Son père le révivificateur et grand homme de Dieu, Tafsir El Hadji Ahmadou Barro Ndieguene, est l’un des princes héritiers du royaume du Ndoucoumane de par sa mère sokhna Fatoumata Ndao. Sa mère, la princesse Sokhna Ndiaye Sylla fille de Tafsir Boubou Sylla, est originaire de la famille princière du village de Thilla Ounté à Tile Boulou, situé entre la commune de Khombole et Toubatoule (Thiès, Sénégal). Femme noble, de vertus inégalables, elle avait abandonné tous les honneurs princiers de ce bas monde par sacrifice afin de donner naissance à un grand érudit.
Ses vaillantes épouses, dotées de qualités rarissimes dans ce monde actuel, étaient des femmes pures et exemplaires. Tout en respectant les lois divines, Mame Ousmane Ndieguene avait pour épouses, sokhna Mariama Sylla originaire de la dynastie de Thilla Boubou à Thiès; la princesse sokhna Oumy Diop qui est petite fille du chef et de l’imam Lébou Thierno ’’Dial’’ Diop de la grande dynastie des grands marabouts ″serigne″ de Dakar; sokhna Safiétou Mbengue originaire de Nguer Malal (Keur Momar Sarr, Louga). Parmi ses épouses aussi, nous pouvons citer sokhna Fama Top originaire de Keur Modou Ndiaye (Thiès nord); sokhna Bintou Samb de campement de Ngékhokh (Mbour) et sokhna Maguette Ndiaye issue de son village d’origine de Thilla Ounté.
Avec la disparition précoce de sa mère, le très jeune Mame Ousmane devient très rapidement l’ami de son père Tafsir El Hadji Ahmadou Barro Ndieguene. Il partageait ainsi avec lui le même lit et les mêmes séances d’adoration la nuit pendant plusieurs années de son enfance, symbolisant ainsi un amour et un respect mutuel entre un père protecteur et un fils conquis par les actes d’adoration de son père.
Nombreux sont ceux qui s’accordent à dire que sa crainte envers Le Tout Puissant (swt) dépasse les entendements du commun des mortels. Il inculqua le savoir, le travail, l’adoration ainsi que l’effacement et la discrétion à ses enfants afin de les amener à poser des actes louables, qualités en voie de disparition dans les sociétés actuelles. Incarnant l’élégance morale et physique de l’Élu (psl) mais le tout dans la sobriété et le désintéressement, il disparut en 1989 à Thiès.  

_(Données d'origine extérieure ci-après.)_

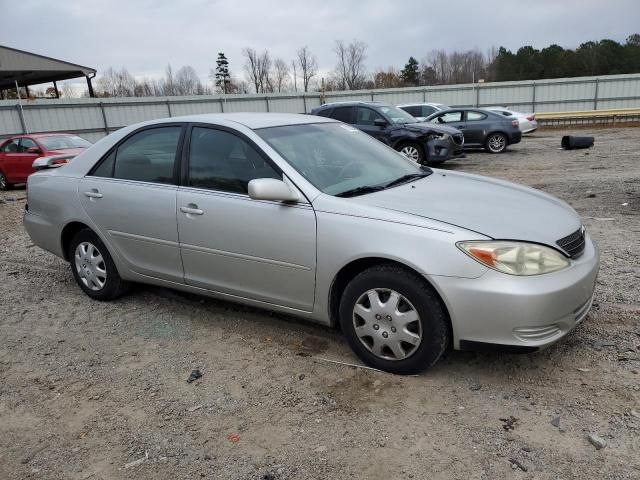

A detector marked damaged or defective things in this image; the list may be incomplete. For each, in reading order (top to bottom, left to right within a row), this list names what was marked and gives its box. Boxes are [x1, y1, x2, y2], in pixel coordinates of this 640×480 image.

  Connus pour être de grands marabouts et cultivateurs, ses aïeuls avaient pour principale mission l’apprentissage, l’enseignement et la propagation des préceptes de la religion musulmane. Mais au-delà de tout, le but ultime était de façonner des modèles dignes de nom sur le plan religieux et séculier pour une société savante, travailleuse, unie et tournée vers le seigneur (swt). À son installation à Thiès, cité principalement animiste et sous influence coloniale vers la fin du XIXème siècle, le missionnaire et l’illuminé Tafsir Ahmadou Barro réussira malgré les contraintes et les difficultés à y fonder une grande école coranique et une grande mosquée perpétuant ainsi la prestigieuse mission de ses ancêtres. Toutes les sources du savoir comme les sciences du coran, les hadiths, la jurisprudence, la grammaire arabe et la langue arabe etc. y étaient enseignées. Cette tradition généreuse de vulgarisation du savoir se perpétue aujourd’hui au quartier Keur Mame El Hadji de Thiès. D’ailleurs, il est même si difficile, pour celui qui le souhaite, de quantifier le nombre exact de savants connus à travers le monde qui ont été formés au sein de cette cour scholastique. Mame Ousmane Ndieguene est un pur produit de ces écoles fondées par son père qui l’initia personnellement avant que certains de ses frères, certains savants et dignitaires ne prennent la relève pour couronner son éducation. La majeure partie de la formation spirituelle du saint homme a été certainement acquise grâce à la proximité d’avec son père qui ne se séparait jamais de la source de la miséricorde (psl) et du savant (rta) de l’oasis de Boussemghoune. Il a aussi largement bénéficié des secrets et des enseignements du grand rassembleur, Aladji Modou Ndieguene ″Boroom Piliyan bi″. Mais d’un autre côté, il a travaillé jour et nuit dans le but d’acquérir les secrets les plus enfouis de ce bas monde ainsi que de l’au-delà. Il a vite compris qu’il ne suffit pas d’être le fils d’un savant pour être un savant, il faut acquérir ce savoir. Il devient très vite un homme de Dieu aux dimensions exceptionnelles et multiples et le tout dans une discrétion et un sens de l’acte purement inné.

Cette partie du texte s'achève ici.